Este cardenal jesuita, además de ser arzobispo de Luxemburgo y Presidente de la Comisión de Conferencias Episcopales de la Unión Europea, ha sido nombrado relator general del Sínodo por el Papa Francisco. Es, pues, a la vez un peso pesado de la Iglesia y la voz más autorizada en cuestiones sinodales, después del propio Papa. Haríamos bien, por lo tanto, en prestarle atención.

¿Qué tiene que decirnos el relator general del Sínodo? Por lo visto, que el sexto mandamiento y toda la doctrina de la Iglesia sobre las relaciones sexuales fuera del matrimonio y las relaciones entre personas del mismo sexo siempre han estado equivocados.
“¿Parejas gay? Dios no las maldice. ¿Cree que Dios pueda alguna vez ‘decir-mal’ sobre dos personas que se aman? En el Reino de Dios ninguno está excluido: ni siquiera los divorciados vueltos a casar, ni siquiera los homosexuales, todos. El Reino de Dios no es un club exclusivo. Abre sus puertas a todos, sin discriminaciones. Muchos de nuestros hermanos y hermanas nos dicen que, sea cual sea el origen y la causa de su orientación sexual, ciertamente no la han elegido. No son manzanas podridas”.
Y a continuación añadió:
“No creo que haya lugar para un matrimonio sacramental entre personas del mismo sexo, porque no hay un objetivo procreativo que lo caracterice, pero esto no quiere decir que su relación afectiva no tenga ningún valor”.
Antes de que alguien lo pregunte, conviene señalar que no se trata de una expresión imprecisa o puntual. En febrero declaró algo similar en otra entrevista en Alemania, en la que afirmó, con respecto a la doctrina sobre las relaciones entre personas del mismo sexo que creía que “el fundamento sociológico-científico de esta doctrina ya no es correcto”, indicando que debía revisarse la doctrina de la Iglesia y sugiriendo que la forma de hablar del Papa Francisco sobre la homosexualidad podría llevar a un cambio de la doctrina.

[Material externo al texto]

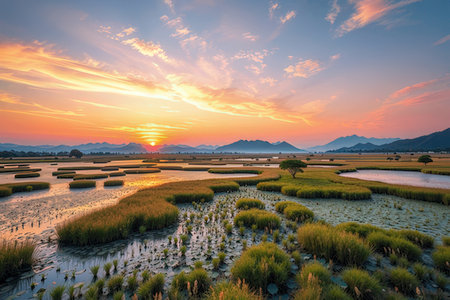 Beautiful sunset at the rice field in the countryside of Thailand.の写真素材
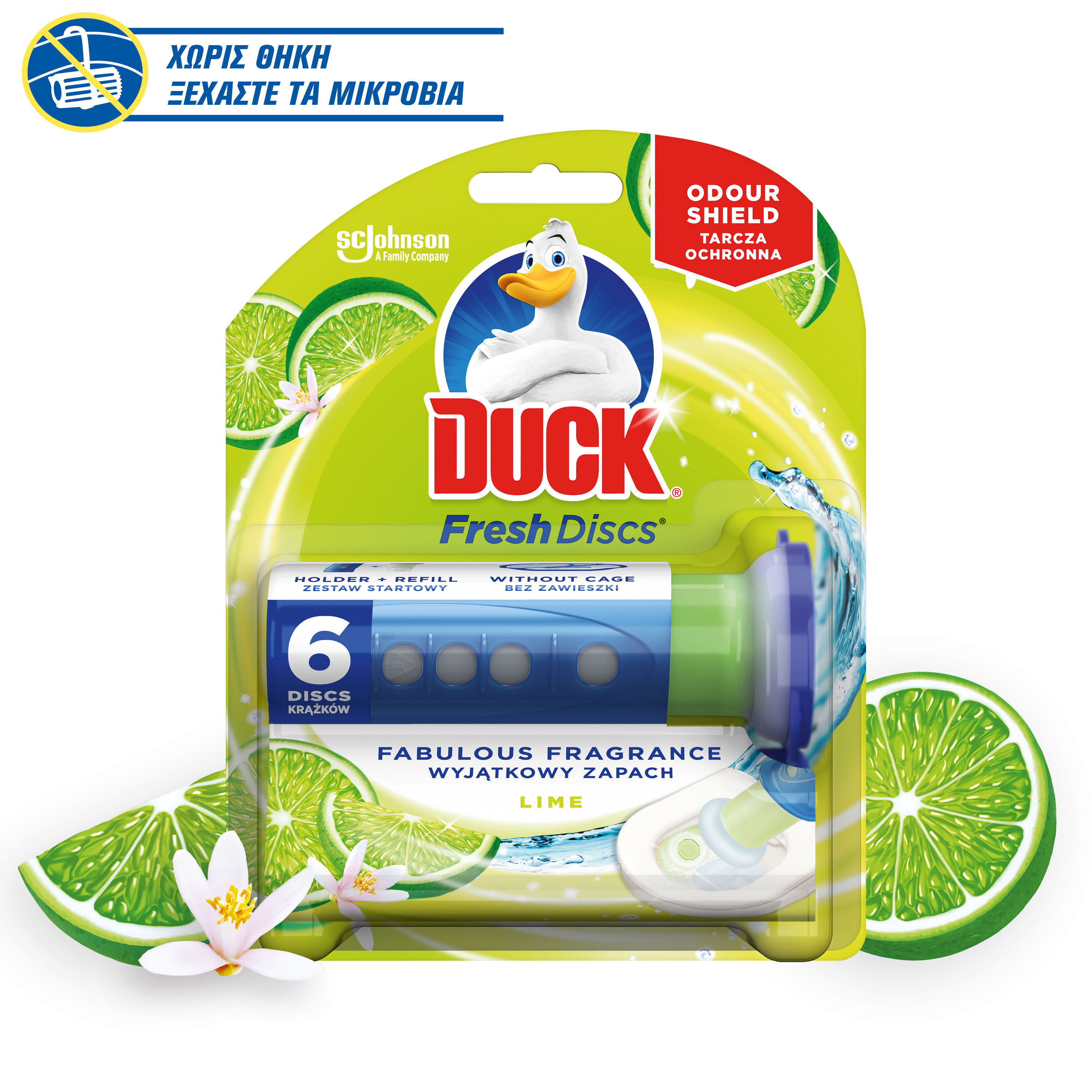 Cageless Block for Toilet, Fresh Discs Lime, Duck (36ml)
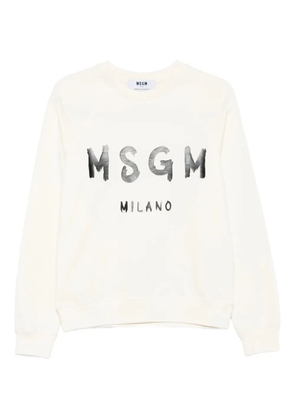 MSGM logo-embroidered cotton sweatshirt - White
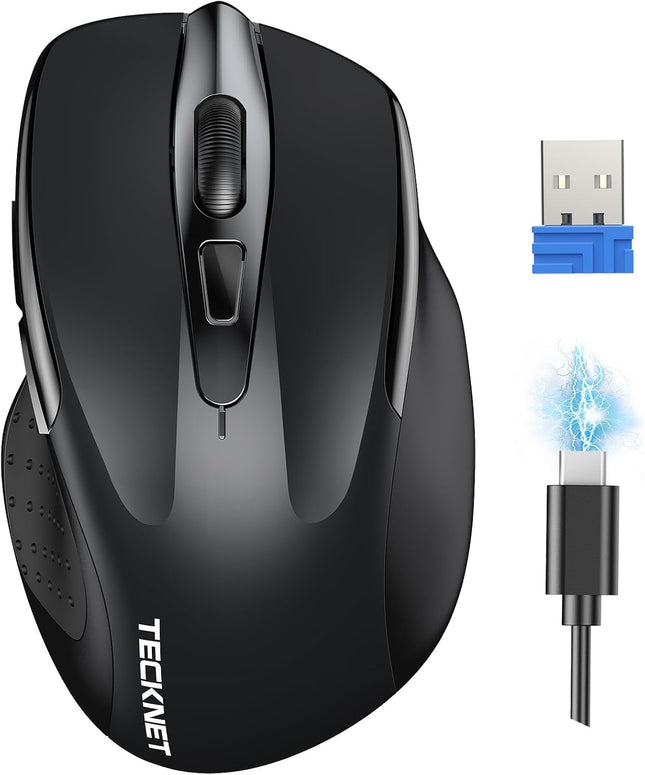 TECKNET Wireless Mouse Rechargeable, 2.4G USB-A Silent Mouse, Quiet Click, 6 Adjustable 4800 DPI, Cordless Computer Mice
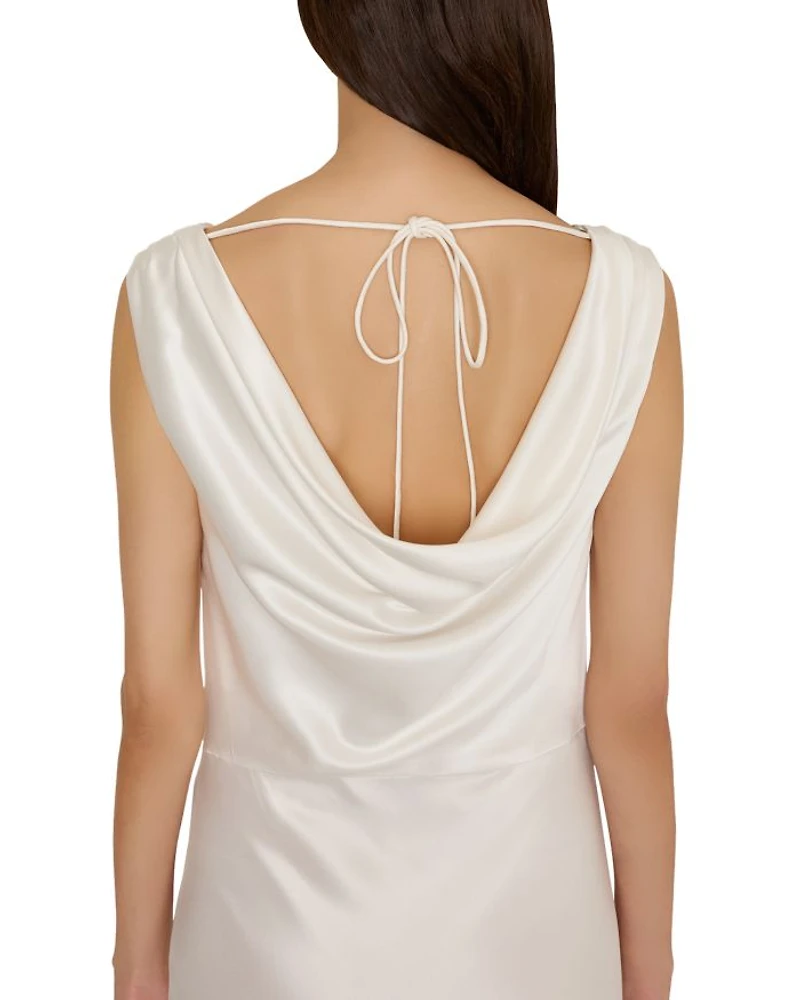 Hammered Satin Cowl Neck Gown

El cardenal dijo otras muchas cosas, sin que faltaran la patética y ya casi obligatoria adulación al Papa, pero creo que las frases citadas son suficientes para que nos hagamos una idea de cómo piensa este purpurado. No sé qué es más llamativo, que un cardenal arzobispo niegue frontalmente la doctrina de la Iglesia en público, que ese cardenal precisamente haya sido elegido relator del nuevo sínodo o que las “razones” que da para sus heterodoxias sean de un nivel intelectual ínfimo, que cualquier seminarista de primero de Teología o incluso cualquier catequista parroquial con dos dedos de frente podría rebatir sin ninguna dificultad.

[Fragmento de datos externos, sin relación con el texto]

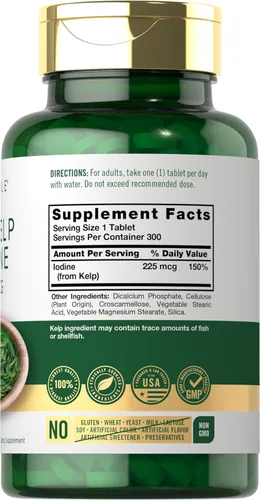Miniatura 2 de Carlyle - Suplemento de yodo de alga marina 225 mcg 300 tabletas Sin GMO, sin gluten Suplemento de hierbas tradicionales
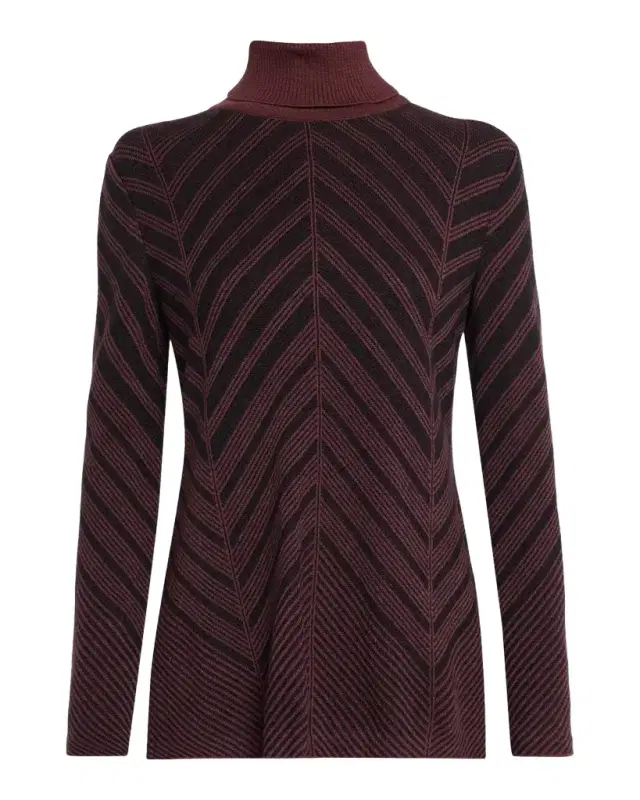 Chevron Turtleneck Knit Tunic Sweater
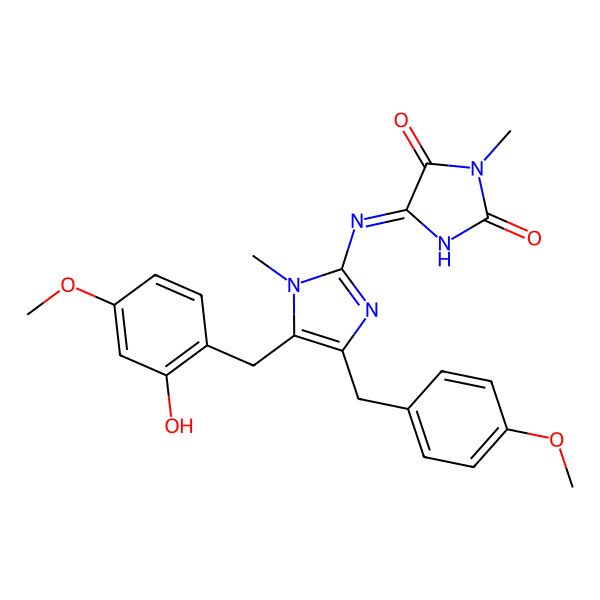 2D Structure of 5-[5-[(2-Hydroxy-4-methoxyphenyl)methyl]-4-[(4-methoxyphenyl)methyl]-1-methylimidazol-2-yl]imino-3-methylimidazolidine-2,4-dione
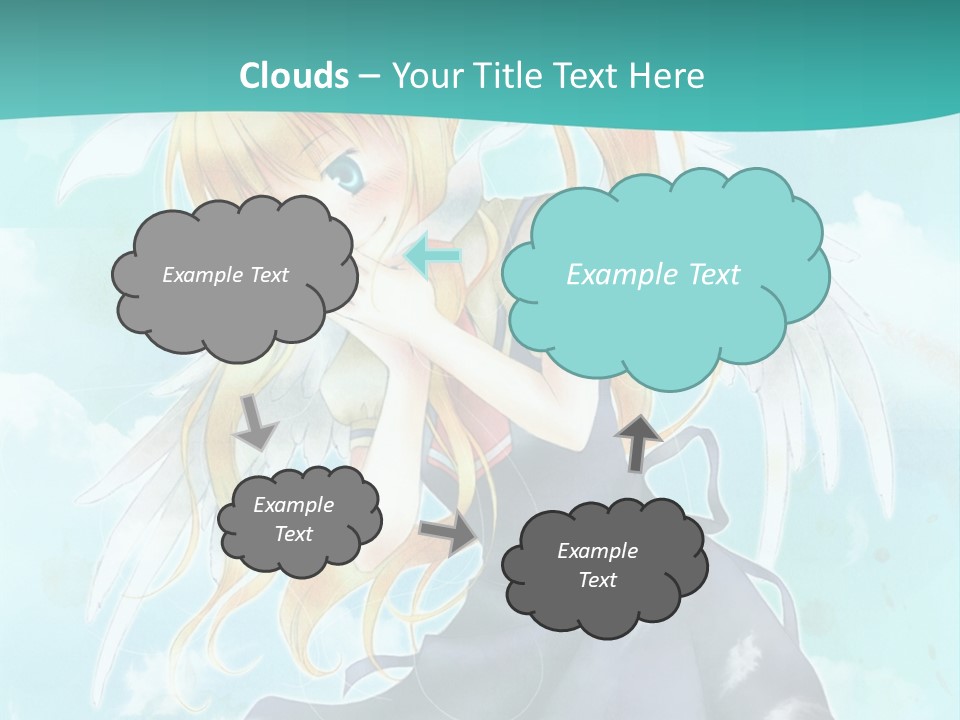 A Girl In A Blue Dress With Angel Wings PowerPoint Template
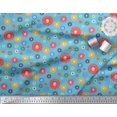 thumbnail image 2 of Soimoi Blue Moss Georgette Fabric Dots & Aster Floral Printed Fabric 1 Yard 42 Inch Wide, 2 of 3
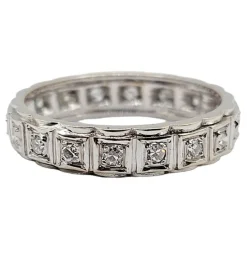 Alliance américaine or blanc 18k ornée de 0,38 carats de diamants taillés en brillants
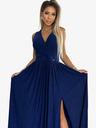 numoco Langes Kleid mit Rückenausschnitt und Bindeband - dunkelblau mit Glitzer Numoco JUSTINE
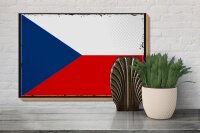 Holzschild Flagge Tschechien 30x20cm Retro Czech Republic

Veamos sus argumentos uno por uno. Primero, sugiere que Dios bendice las parejas del mismo sexo (ya que, si no dice mal de ellas, es evidente que tendrá que decir bien). Por supuesto, Su Eminencia es muy libre de afirmar lo que quiera, aunque no tenga nada que ver con la fe católica, pero quizá habría sido una buena idea tener la cortesía de preguntar primero al propio Dios, que dejó muy clara esta cuestión: hombre y mujer los creó, los bendijo (Gn 5,1). El hombre dejará a su padre y a su madre y se unirá a su mujer, y serán los dos una sola carne (Gn 2, 24). Y, por si había dudas, Cristo repitió exactamente esas frases. Es decir, lo que bendijo fue la pareja de hombre y mujer, no la pareja del mismo sexo. ¡Qué olvido tan extraño! Menos mal que el cardenal Hollerich ha venido a recordarle al mismo Dios su omisión y a corregir el Génesis, porque sabe mejor que Dios mismo lo que Dios quiere y bendice.

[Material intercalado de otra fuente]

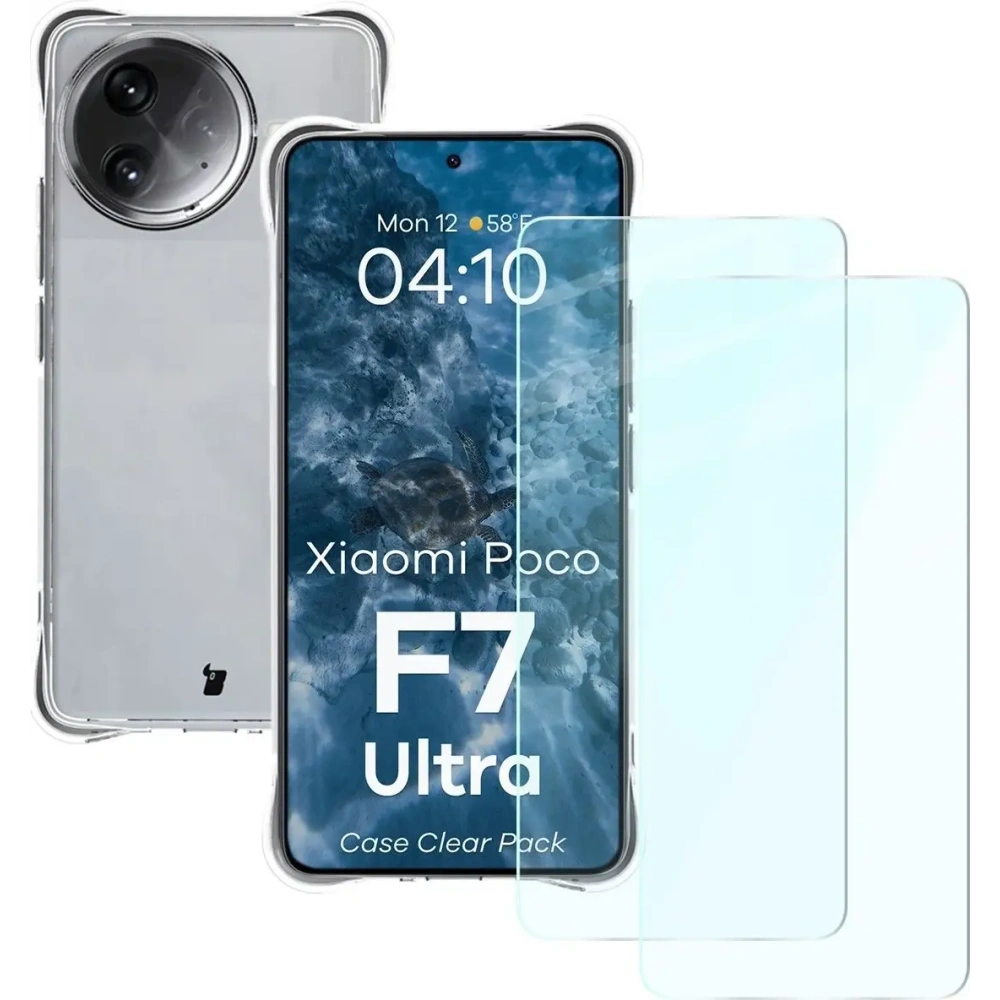 Etui + 2x szkło na ekran Bizon Case Clear Pack do Xiaomi Poco F7 Ultra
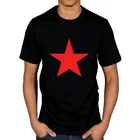 Красная звезда, летняя свободная Мужская футболка с коротким рукавом, повседневная женская футболка с принтом, крутая футболка с круглым вырезом, Мужская футболка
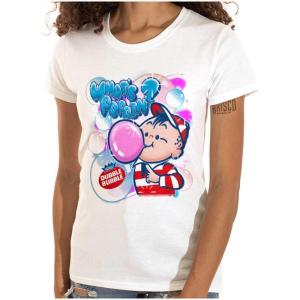 Airbrushed Dubble Bubble Whats Poppin Womens Slim Fit Graphic Tee(White)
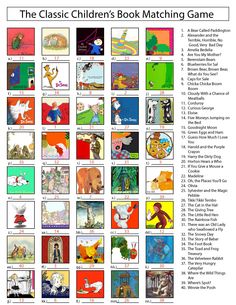 the classic children's book matching game is shown in an image with words and pictures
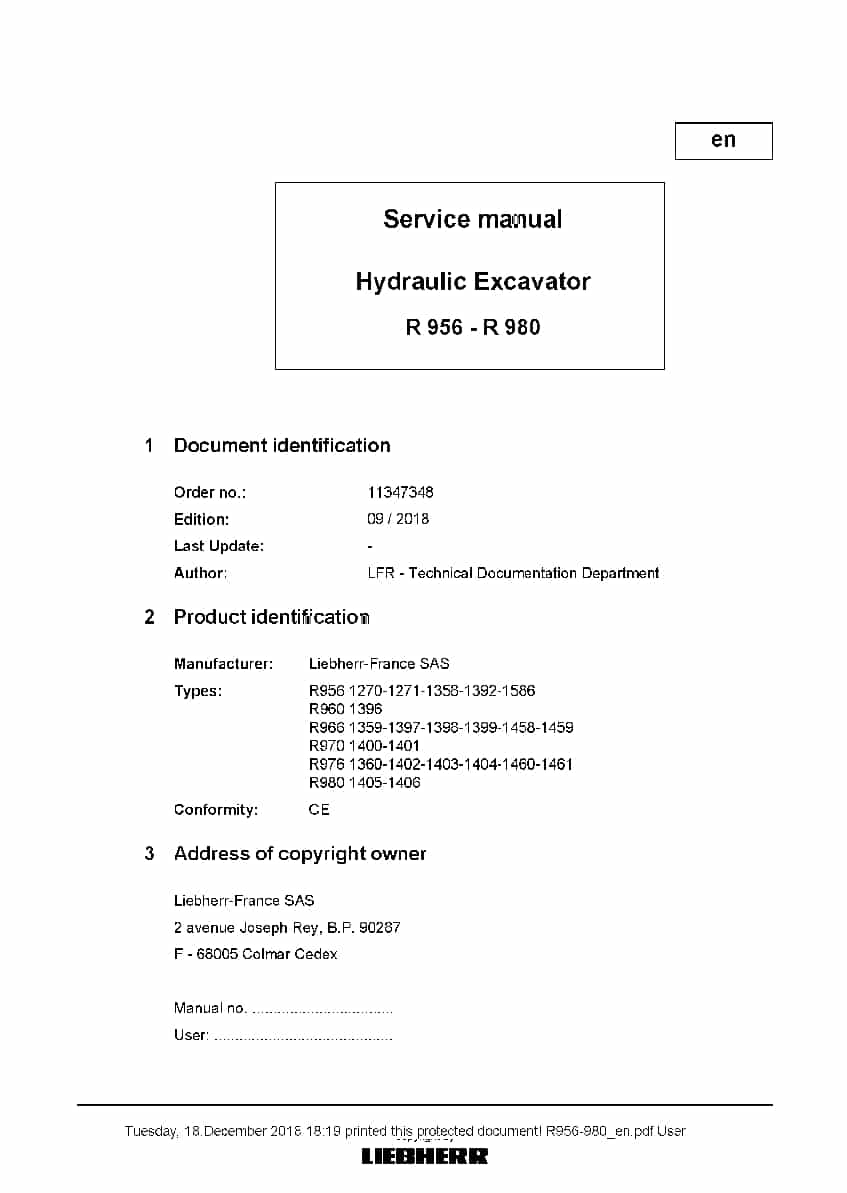 Liebherr R956 R960 R966 R970 R976 R980 11347348 Hydraulic excavator Workshop Repair Service Manual PDF Download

También podría haber acudido al Magisterio y a la Tradición de la Iglesia, que afirman unánimemente que las relaciones entre personas del mismo sexo no solo son un pecado, sino algo aún más grave: uno de los pecados que claman al cielo (Catecismo 1867), por vulnerar la naturaleza y el orden creado de forma radical. Las afirmaciones de papas, concilios, santos y doctores de la Iglesia sobre el particular son clarísimas y, a menudo, terribles (véanse, entre innumerables otros ejemplos, el Concilio de Elvira del año 306, el Concilio de Nablús de 1120, el tercer Concilio de Letrán de 1179, San Pío V, San Agustín, San Buenaventura, Santo Tomás de Aquino, San Bernardino de Siena, Santa Catalina de Siena, San Pedro Damián, San Alfonso María de Ligorio, etc.).

No hace falta decir, aunque por si acaso lo recordaremos, que esto no supone decir que las personas que se sienten atraídas por personas del mismo sexo sean en ningún sentido malas en sí mismas, inferiores en dignidad a las demás ni nada por el estilo. Son hijas de Dios o están llamadas a serlo (y no existe dignidad más alta que esa) y, como señala el Catecismo, son dignas de respeto y están llamadas a “realizar la voluntad de Dios en su vida” y a unir sus dificultades al “sacrificio de la cruz del Señor” (Catecismo 2358). En una palabra, están llamadas a ser santas, como los demás.

La afirmación del purpurado, en cambio, produce vergüenza ajena desde el punto de vista teológico. Pregunta el cardenal: “¿Cree que Dios pueda alguna vez ‘decir-mal’ sobre dos personas que se aman?”. La más básica Teología moral, que nuestro cardenal tuvo que estudiar alguna vez, enseña que por supuesto que Dios puede decir mal de dos personas que se aman. Por la sencilla razón de que absolutamente todos los pecados se producen “por amor”, ya que el ser humano está creado por Dios y solo puede moverse por amor. El problema en el caso de los pecados es que ese amor es un amor desordenado.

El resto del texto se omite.